Penyeberangan yang berada di Desa Kandangan itu melayani masyarakat dari Desa Kandangan, Kanten, dan Sumbangtimun. Bagi warga, keberadaan perahu menjadi solusi paling praktis dibanding harus memutar melalui jembatan yang letaknya cukup jauh.
Jika menggunakan perahu, perjalanan menuju Pasar Pungpungan hanya memakan waktu sekitar lima menit. Sebaliknya, apabila melewati jalur darat, warga harus memutar melalui Bendungan Gerak yang berjarak sekitar lima kilometer atau Jembatan Malo sejauh tujuh kilometer.
Salah seorang pedagang asal Desa Kandangan, Muntamah, mengaku memilih menggunakan jasa penyeberangan karena lebih cepat dan hemat biaya.
“Kalau muter lewat jembatan kejauhan dan habis bensin. Lewat sini lima menit sudah sampai Pasar Pungpungan. Lebih cepat dan murah,” ujarnya.
Pasar Pungpungan menjadi tujuan utama warga karena lokasinya paling dekat dan menawarkan harga kebutuhan pokok yang relatif terjangkau.
Tak hanya pedagang, layanan penyeberangan juga dimanfaatkan para pelajar dan pekerja yang setiap hari beraktivitas di seberang sungai.
Fariz, siswa sekolah dasar asal Desa Kandangan, mengatakan perahu membantu memangkas waktu perjalanan menuju sekolah.
“Lewat sini 10 menit sampai sekolah. Kalau muter capek di jalan,” katanya.
Hal senada disampaikan Dafa, seorang pekerja pabrik yang mengandalkan penyeberangan tersebut setiap hari.
“Saya kerja setiap hari lewat sini. Kalau lewat Malo atau Bendungan Gerak bisa telat,” ungkapnya.

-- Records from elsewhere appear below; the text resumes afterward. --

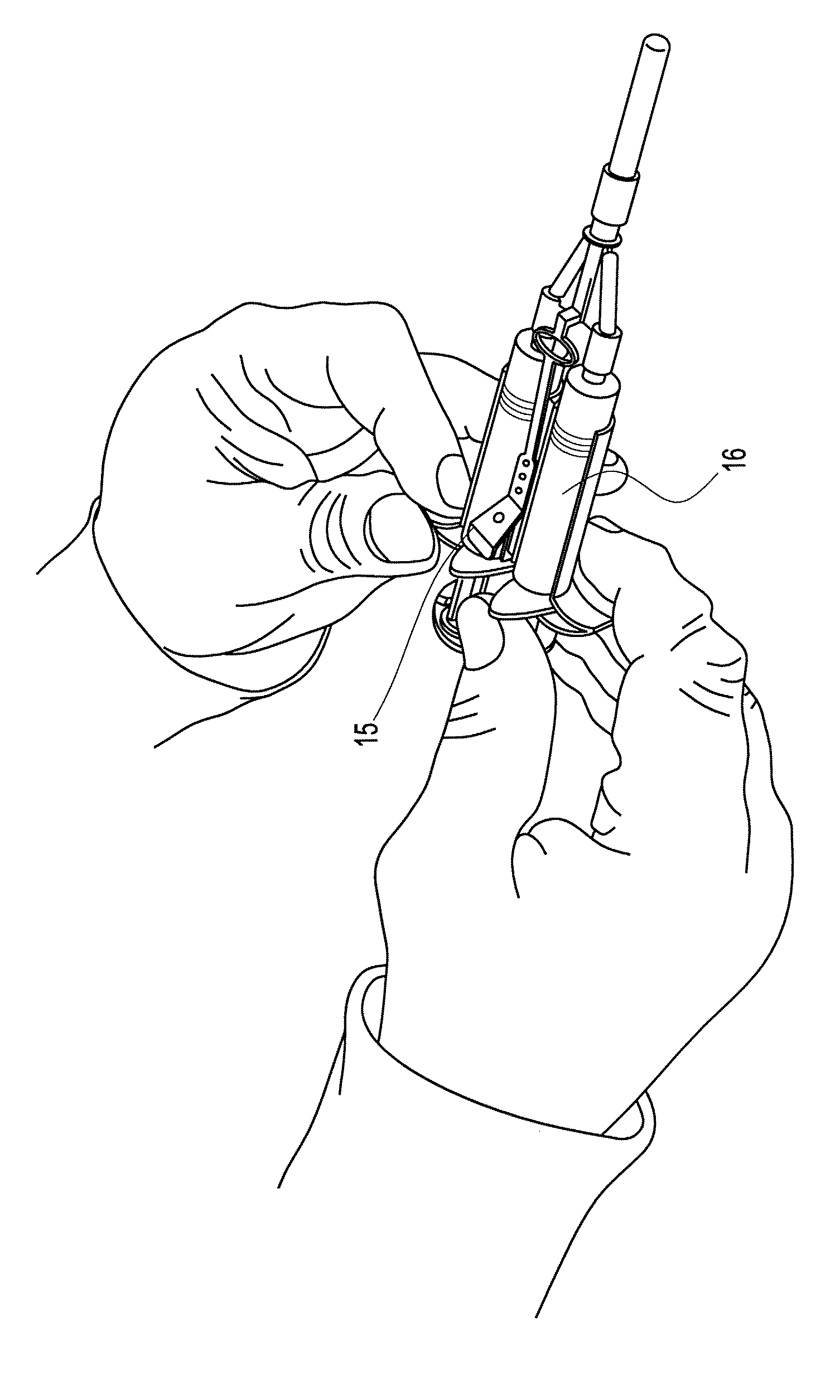 Method of arthroscopic osteochondral resurfacing using prp strengthened with fibrin glue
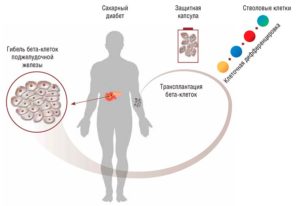 Трансплантация островковых клеток в качестве одного из способов лечения сахарного диабета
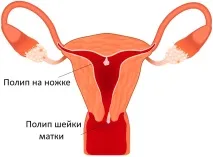 папіломи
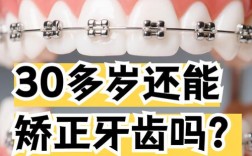 三十岁矫正牙齿还来得及吗？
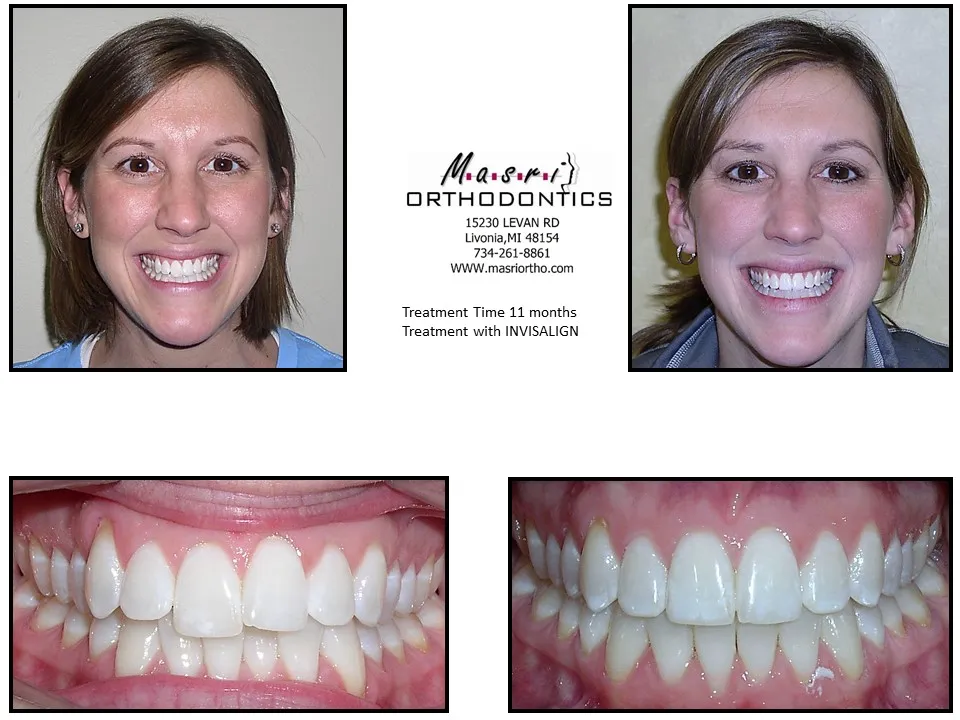 Before and after orthodontic treatment at Masri Orthodontics for a woman with misaligned teeth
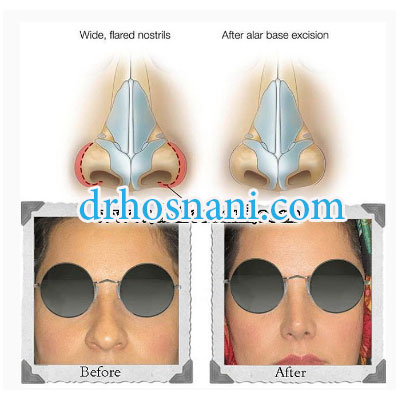 alar base excision
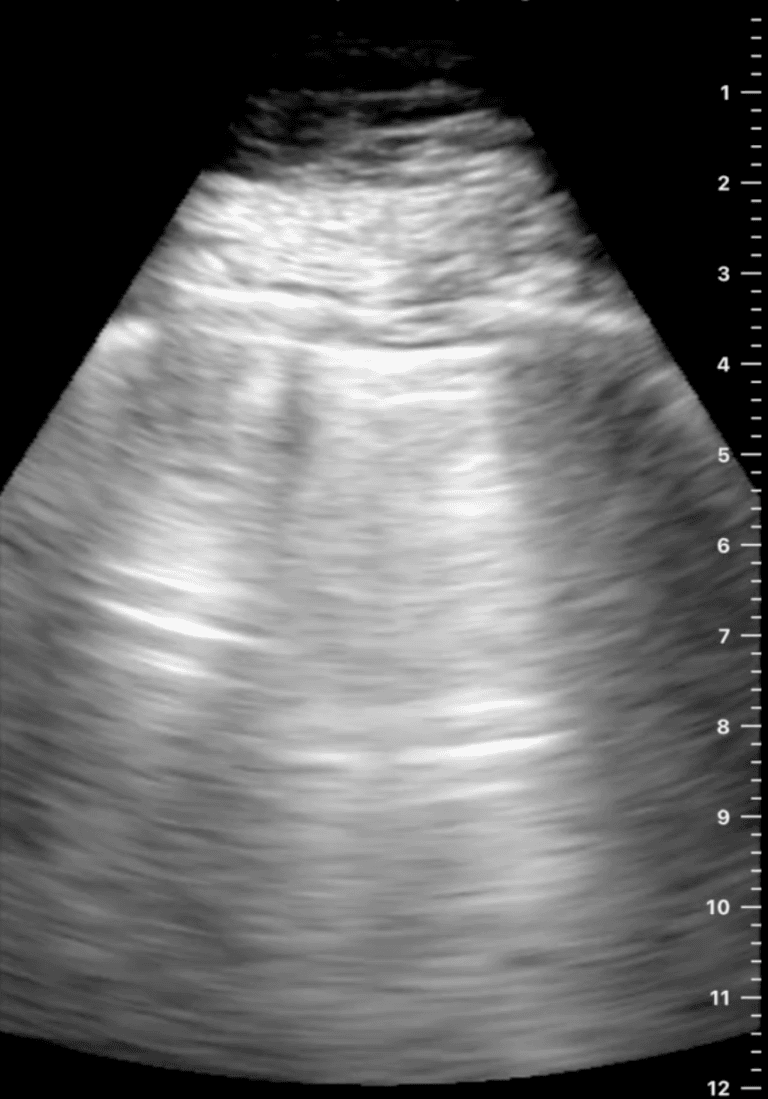 Rib Reverberation: An Important New Artifact in Lung Ultrasound - POCUS ...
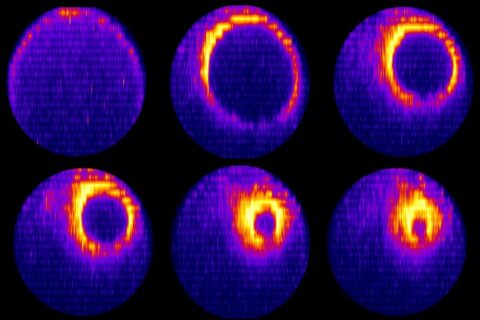 Zum Artikel "Zellforschung: Aus Eins mach Zwei in 20 Minuten"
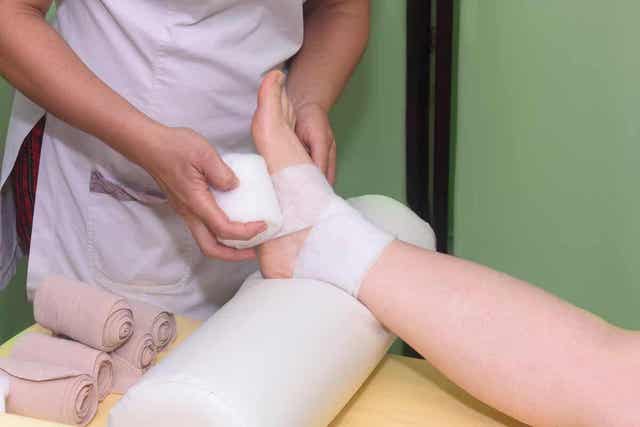 Isovarpaan tyvinivelen venähdystä hoidetaan puristussiteellä.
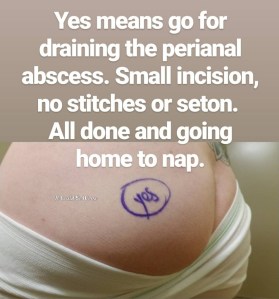 Perianal Abscess #2 in My Crohn's Disease Journey | IT COULD BE WORSE BLOG - Mary Horsley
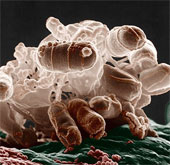 Genetically modified bacteria can prevent obesity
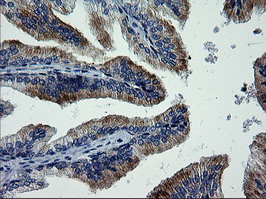 MAPK9 Antibody in Immunohistochemistry (Paraffin) (IHC (P))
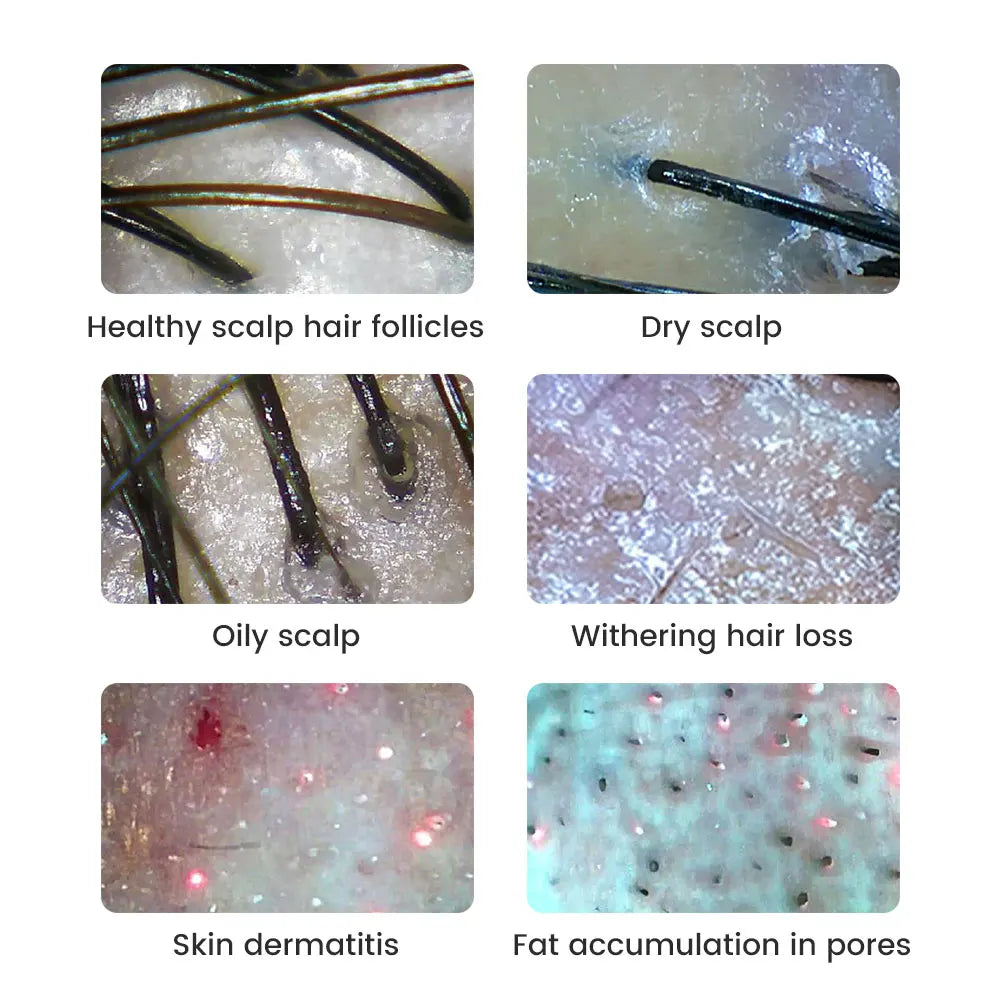 Dermatoscópio Wireless Analisador Pele Couro Cabeludo - Máquina Análise Facial Corporal Microscópio Eletrônico Profissional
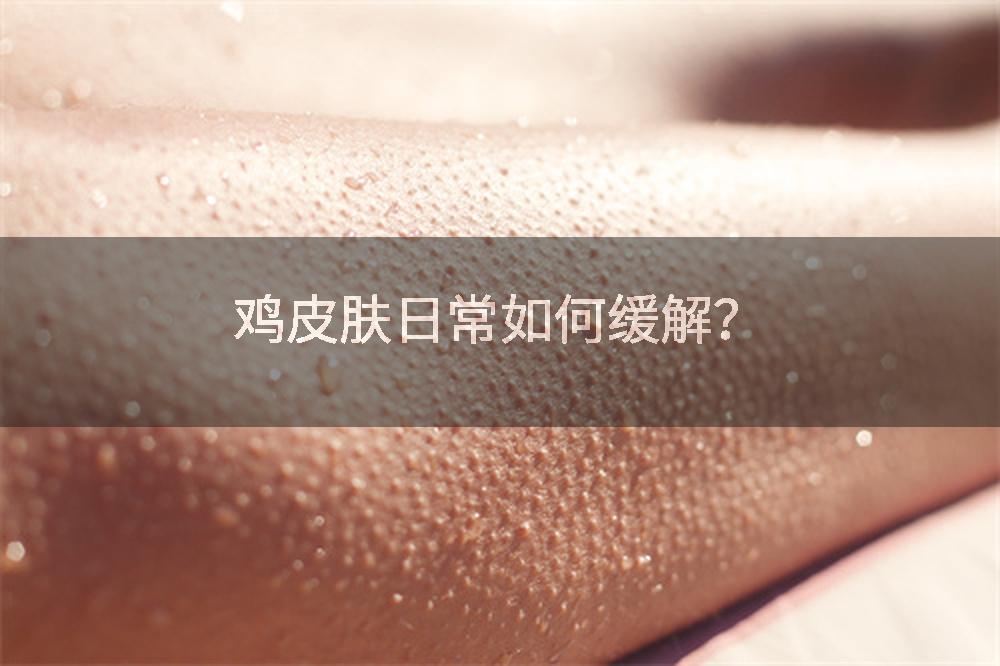 鸡皮肤日常如何缓解？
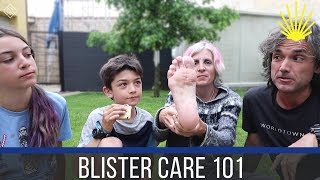 HOW TO CARE FOR BLISTERS  CAMINO DE SANTIAGO VLOG  EP 89 [upl. by Nahtaneoj]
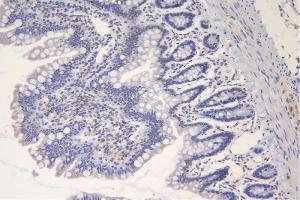 IHC analysis of TRAF6 using anti-TRAF6 antibody (ABIN7600026). (TRAF6 anticorps  (AA 14-512))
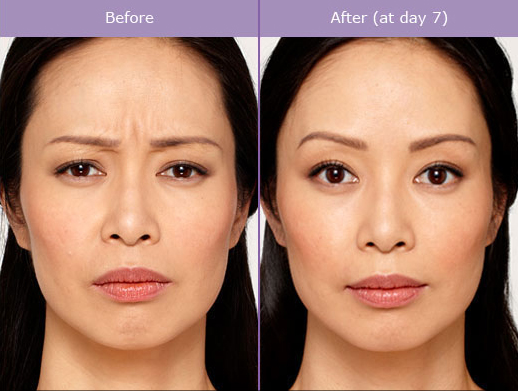 Miami Botox Before & After Miami Botox Before & After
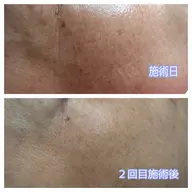 【メンテナンス】光シャワー又は水光ピーリング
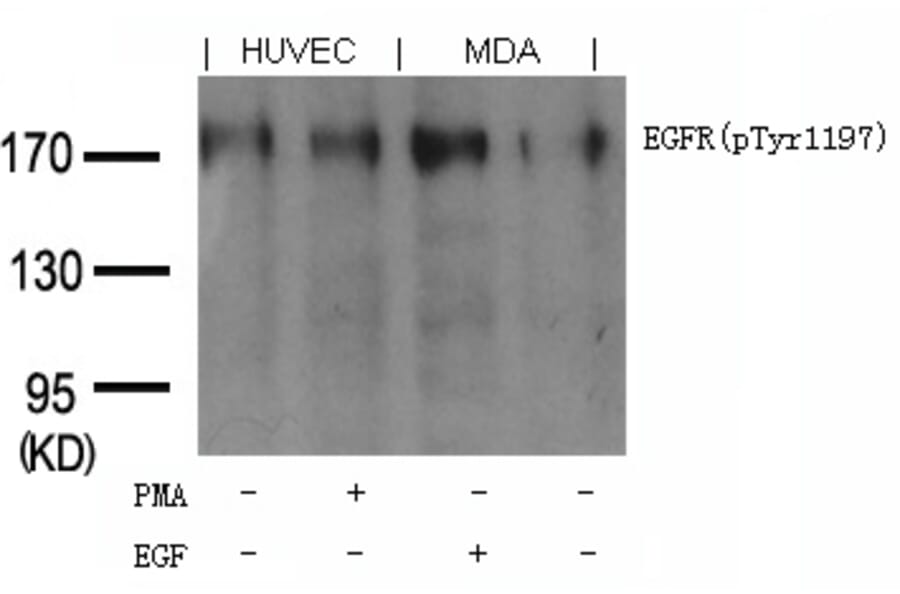 Western blot - EGFR (phospho-Tyr1197) Goat Polyclonal Antibody from Signalway Antibody (11551) - Antibodies.com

Penyeberangan dioperasikan menggunakan perahu plat dengan mesin diesel berkekuatan 10 PK yang mampu melawan arus Bengawan Solo. Setiap hari, layanan dibuka mulai pukul 04.30 WIB hingga 21.00 WIB untuk melayani berbagai kebutuhan masyarakat.
Pengelola penyeberangan, Mas Tuh, mengatakan penumpang berasal dari berbagai kalangan, mulai ibu rumah tangga yang berbelanja ke pasar, pelajar, hingga pekerja.
“Penumpangnya dari Desa Kandangan, Kanten, sampai Sumbangtimun. Ada ibu-ibu ke pasar, anak sekolah, bapak-bapak kerja. Sehari bisa puluhan kali bolak-balik,” ujarnya.
Meski demikian, keselamatan tetap menjadi prioritas. Mas Tuh menegaskan operasional akan dihentikan apabila debit air Bengawan Solo meningkat dan dinilai membahayakan penumpang.
Di balik manfaat besar penyeberangan tersebut, warga masih menyimpan harapan agar pemerintah membangun jembatan permanen. Mereka menilai keberadaan jembatan akan memberikan akses yang lebih aman, terutama saat musim hujan ketika arus sungai menjadi lebih deras.
“Kami bersyukur ada perahu ini. Tapi demi keamanan anak-anak, kami mohon dibuatkan jembatan,” harap warga.
Hingga kini, perahu penyeberangan di Desa Kandangan masih menjadi akses vital yang menghubungkan aktivitas ekonomi, pendidikan, dan pekerjaan bagi masyarakat di tiga desa Kecamatan Trucuk.